Durch die gute Zusammenarbeit zwischen dem ÖAMTC und den zuständigen EU-Parlamentariern konnten schon im Gesetzgebungsverfahren in der EU wesentliche Vereinfachungen in der europaweiten Schadenregulierung sowie Verbesserungen für die Unfallopfer erreicht werden. Vor allem die nunmehrige Justizministerin Dr. Maria Berger setzte sich als Mitglied des Rechtsausschusses im EU-Parlament – im Zusammenwirken mit dem ÖAMTC – massiv für die Verbesserung der Rechtsstellung von Unfallopfern ein.
Der ÖAMTC ist mit der vorgeschlagenen Erhöhung der Versicherungssummen, die sich (nur) an der 5. KH-RL orientiert, nicht einverstanden. Die Interessen von schwerstverletzten Unfallopfern, die oft lebenslanger Dauerpflege bedürfen (mit monatlichen Kosten von bis zu € 50.000,-), bleiben unberücksichtigt. Vor allem eine Sachschadensdeckung von (nur) 1 Million Euro ist angesichts der immer wieder auftretenden Massenkarambolagen auf Autobahnen völlig unzureichend!
Im folgenden Besonderen Teil B dieser Stellungnahme beschäftigen wir uns ausführlich mit den Hintergründen der Beschlussfassung im EU-Parlament und zeigen schlüssig auf, weshalb die verschiedentlich geäußerte Sorge, eine Anhebung der Versicherungsdeckung auf die vom ÖAMTC seit Jahren massiv geforderte Summe von 10 Millionen Euro könnte zu unangemessen hohen Prämienerhöhungen führen, unbegründet ist.

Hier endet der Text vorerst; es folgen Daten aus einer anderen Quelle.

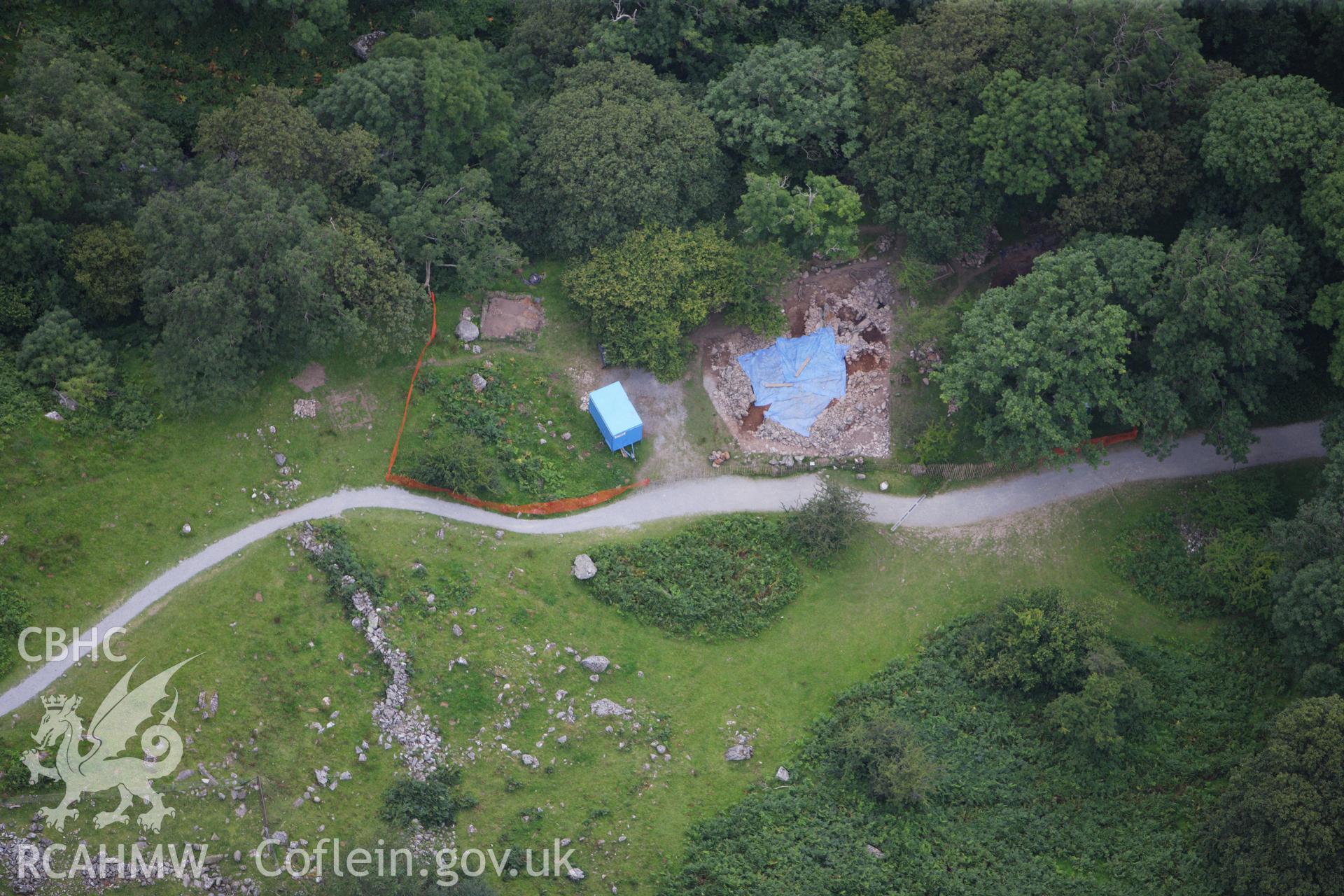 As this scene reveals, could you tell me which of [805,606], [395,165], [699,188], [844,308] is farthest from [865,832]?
[395,165]

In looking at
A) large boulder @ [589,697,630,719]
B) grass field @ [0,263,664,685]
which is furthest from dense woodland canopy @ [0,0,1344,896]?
large boulder @ [589,697,630,719]

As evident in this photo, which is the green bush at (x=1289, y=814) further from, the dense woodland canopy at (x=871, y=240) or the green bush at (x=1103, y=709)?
the green bush at (x=1103, y=709)

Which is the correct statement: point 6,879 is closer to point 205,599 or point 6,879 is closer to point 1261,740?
point 205,599

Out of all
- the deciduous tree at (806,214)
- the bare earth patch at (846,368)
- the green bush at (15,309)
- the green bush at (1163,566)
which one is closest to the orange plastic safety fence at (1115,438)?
the green bush at (1163,566)

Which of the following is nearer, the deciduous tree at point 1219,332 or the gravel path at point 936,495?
the deciduous tree at point 1219,332

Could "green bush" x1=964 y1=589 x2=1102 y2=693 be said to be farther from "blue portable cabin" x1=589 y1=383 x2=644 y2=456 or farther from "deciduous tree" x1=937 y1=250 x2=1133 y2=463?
"blue portable cabin" x1=589 y1=383 x2=644 y2=456

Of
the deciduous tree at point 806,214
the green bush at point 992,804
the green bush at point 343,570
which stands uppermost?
the deciduous tree at point 806,214

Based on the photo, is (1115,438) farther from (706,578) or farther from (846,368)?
(706,578) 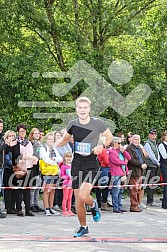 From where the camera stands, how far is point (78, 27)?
2036 centimetres

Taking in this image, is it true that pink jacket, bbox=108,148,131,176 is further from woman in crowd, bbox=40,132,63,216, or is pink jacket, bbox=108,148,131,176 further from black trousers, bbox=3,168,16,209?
black trousers, bbox=3,168,16,209

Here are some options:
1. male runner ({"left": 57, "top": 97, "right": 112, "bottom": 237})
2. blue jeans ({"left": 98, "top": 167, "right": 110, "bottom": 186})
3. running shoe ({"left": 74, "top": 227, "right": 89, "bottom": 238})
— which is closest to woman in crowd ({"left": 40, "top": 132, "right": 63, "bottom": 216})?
blue jeans ({"left": 98, "top": 167, "right": 110, "bottom": 186})

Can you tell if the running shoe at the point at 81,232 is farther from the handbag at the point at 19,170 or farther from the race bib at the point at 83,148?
the handbag at the point at 19,170

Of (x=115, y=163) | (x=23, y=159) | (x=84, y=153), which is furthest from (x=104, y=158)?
(x=84, y=153)

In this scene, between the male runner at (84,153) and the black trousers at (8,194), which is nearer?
the male runner at (84,153)

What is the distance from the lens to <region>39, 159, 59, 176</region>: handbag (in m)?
12.3

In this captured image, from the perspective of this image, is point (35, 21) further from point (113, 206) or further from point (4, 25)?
point (113, 206)

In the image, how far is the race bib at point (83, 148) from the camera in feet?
27.7

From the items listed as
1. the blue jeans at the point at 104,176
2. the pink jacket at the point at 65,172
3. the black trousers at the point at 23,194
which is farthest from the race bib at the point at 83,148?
the blue jeans at the point at 104,176

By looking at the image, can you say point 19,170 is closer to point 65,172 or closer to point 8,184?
point 8,184

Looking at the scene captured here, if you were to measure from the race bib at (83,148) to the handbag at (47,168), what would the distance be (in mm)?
3836

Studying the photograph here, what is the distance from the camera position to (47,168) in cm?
1229

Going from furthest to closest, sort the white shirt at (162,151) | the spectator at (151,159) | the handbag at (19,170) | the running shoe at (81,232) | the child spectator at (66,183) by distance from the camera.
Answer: the spectator at (151,159) → the white shirt at (162,151) → the child spectator at (66,183) → the handbag at (19,170) → the running shoe at (81,232)

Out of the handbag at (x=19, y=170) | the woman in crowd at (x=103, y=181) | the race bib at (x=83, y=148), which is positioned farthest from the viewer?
the woman in crowd at (x=103, y=181)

Außerdem weisen wir in unseren Anmerkungen zu § 6 Abs 2 VOEG auf eine nach unserer Ansicht lückenhafte Umsetzung der 5.KH-RL hin: Die Beschränkung der Leistungen des Garantiefonds auf Schäden durch Unfälle auf Straßen mit öffentlichem Verkehr widerspricht den Intentionen der Richtlinie.
Der ÖAMTC fordert außerdem die richtlinienkonforme Umsetzung im Hinblick auf die automatische Übermittlung von sämtlichen notwendigen grundlegenden Unfalldaten (inklusive der Polizeiprotokolle). Die Einrichtung einer zentralen Auskunftsstelle, der alle relevanten Daten zugeleitet werden müssen wurde - unterstützt durch Anträge österr. MEPs - in die RL aufgenommen. Die Forderung nach besserem Zugang der Geschädigten zu Unfallprotokollen wird ausführlich in Teil C Z 1 der vorliegenden Stellungnahme begründet.
Es soll an dieser Stelle den beiden federführenden Ministerien (BMJ und BMF) für die konstruktive Erörterung der umzusetzenden Materie im Rahmen mehrerer Sitzungen des „Ausschusses für die Kfz-Haftpflichtversicherung“ Dank ausgesprochen werden. Der ÖAMTC verbindet damit die Erwartung, dass die Ergebnisse des Begutachtungsverfahrens vor Erstellung einer Ministerratsvorlage im gleichen Gremium eingehend erörtert werden.
Zu Artikel I - VOEG
Der ÖAMTC erachtet die Neustrukturierung des schon unübersichtlich gewordenen VOEG im Sinne der leichteren Handhabung des Gesetzes für sehr sinnvoll.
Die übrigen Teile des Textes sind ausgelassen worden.